On 4 June 2006, Dublin defeated Longford by two points at Pearse Park, the last time Dublin have played a Championship match away from Croke Park until they played Laois in Nowlan Park in 2016. Also in 2006, a new West Stand was built. However ten years later, it was discovered to be suffering from subsidence and would have to be demolished and rebuilt. The West Stand was closed from 2015 to 2018. The East Stand also suffered subsidence with a €2 million cost to fix it. As a result, Longford considered plans to leave Pearse Park after GAA officials removed their home advantage for the All-Ireland Senior Football Championship on health and safety grounds.
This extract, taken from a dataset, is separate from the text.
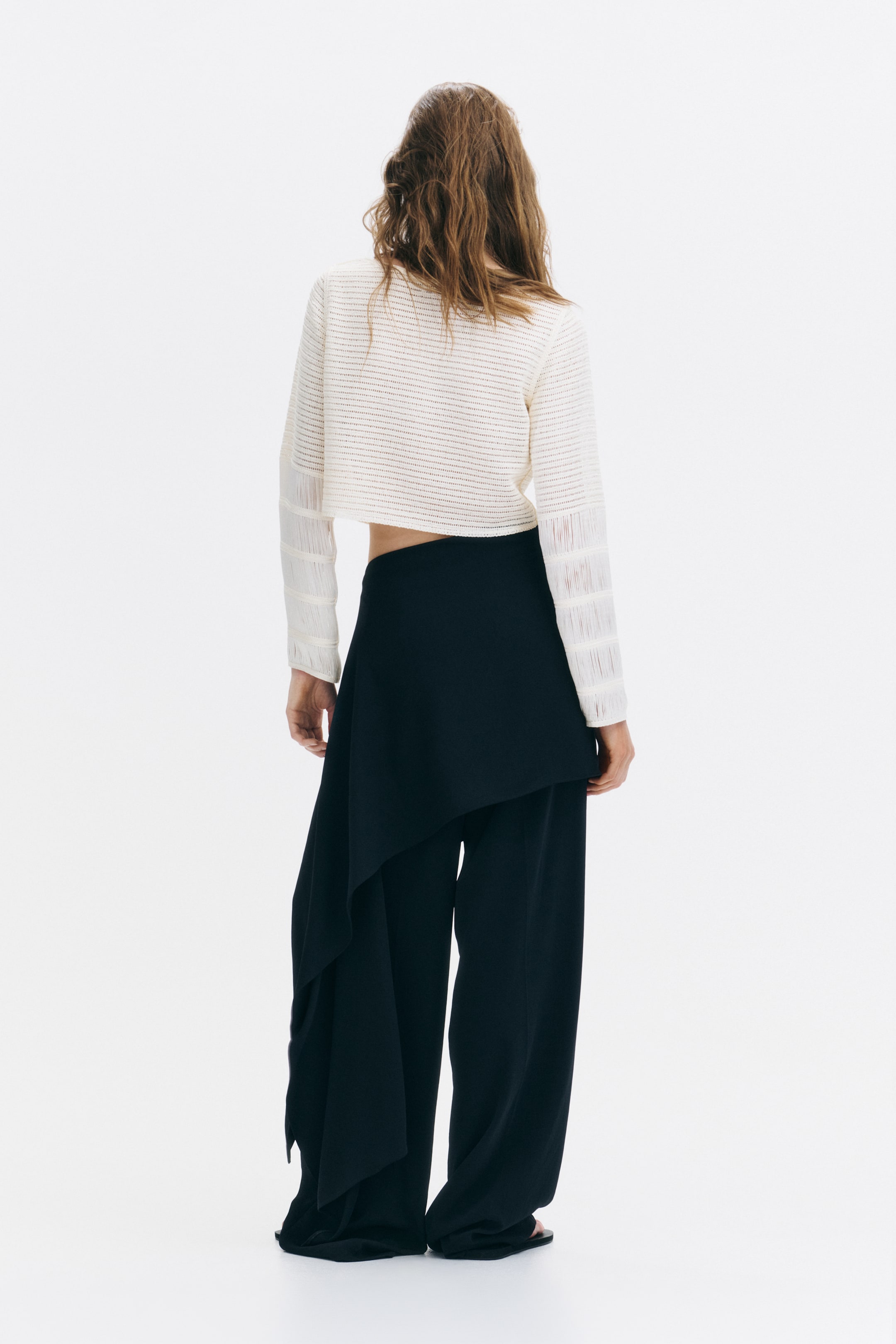 Pantalon chic avec jupe superposée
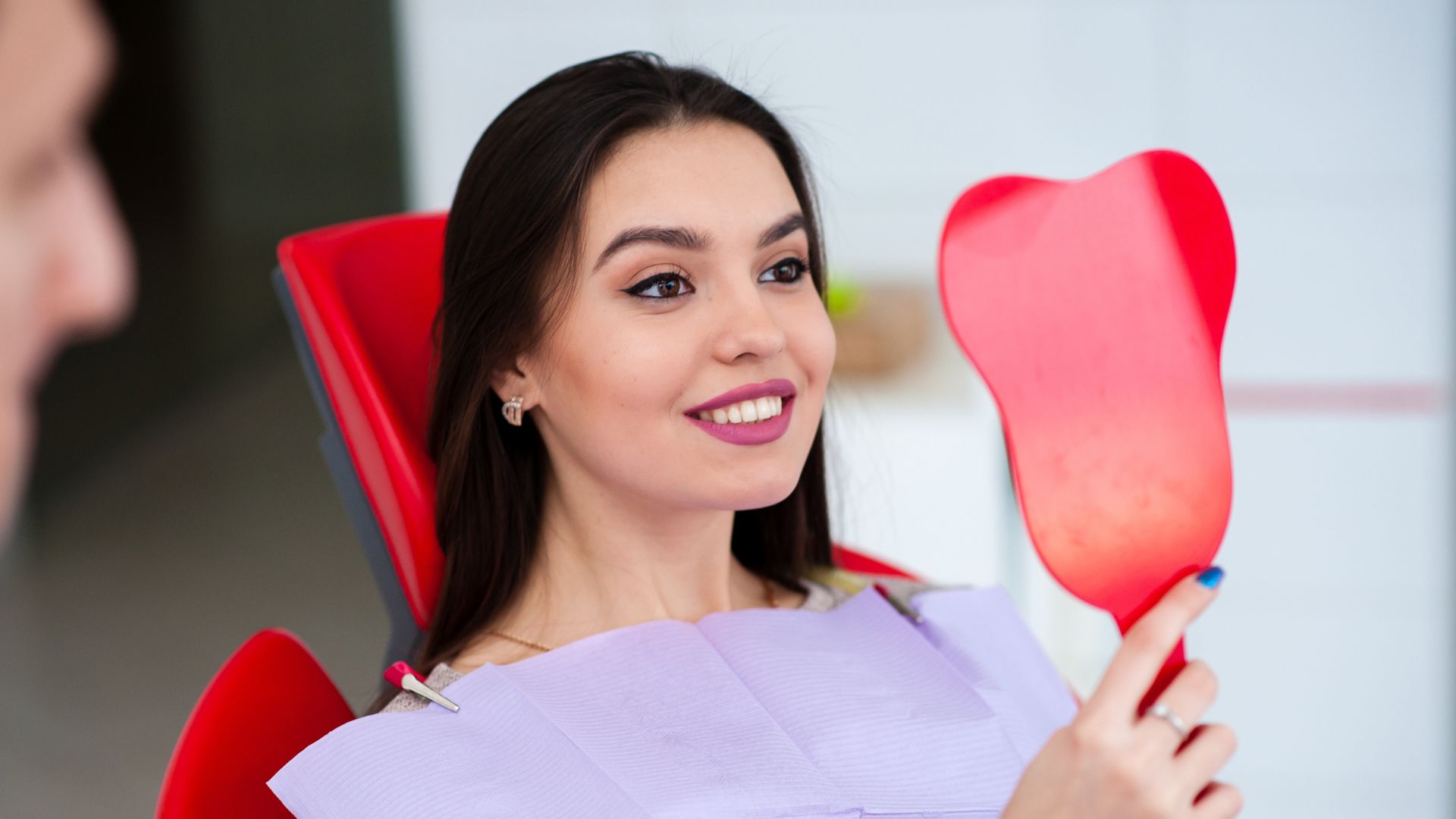 Woman smiling, holding a red dental mirror.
In 2017, Longford made plans to redevelop Pearse Park. However, there was a planning objection by local resident and former Longford GAA goalkeeper Liam Madden. Madden stated he would drop his opposition if Longford met his demands. He requested that he be made county captain of Longford and be able to lead the team out to the theme of the television series Bonanza. He also requested that Longford change their county colours to red and black to match Longford Town F.C.'s and that the Gaelic Athletic Association give him an Irish language apology for banning him from GAA as a result of him watching an association football match in 1969 under Rule 27 (which was abolished in 1971). Longford County Council approved the €2.5 million redevelopment, with Madden originally planning to appeal to An Bord Pleanála but dropped his appeal after receiving a hand written apology in Irish from the GAA and €100 in compensation. The development was completed in 2018 and the first match held was a Leinster Senior Football Championship game against Meath, with a reduced capacity of 6,000. Following completion of works in recent years, the capacity was increased to 10,000.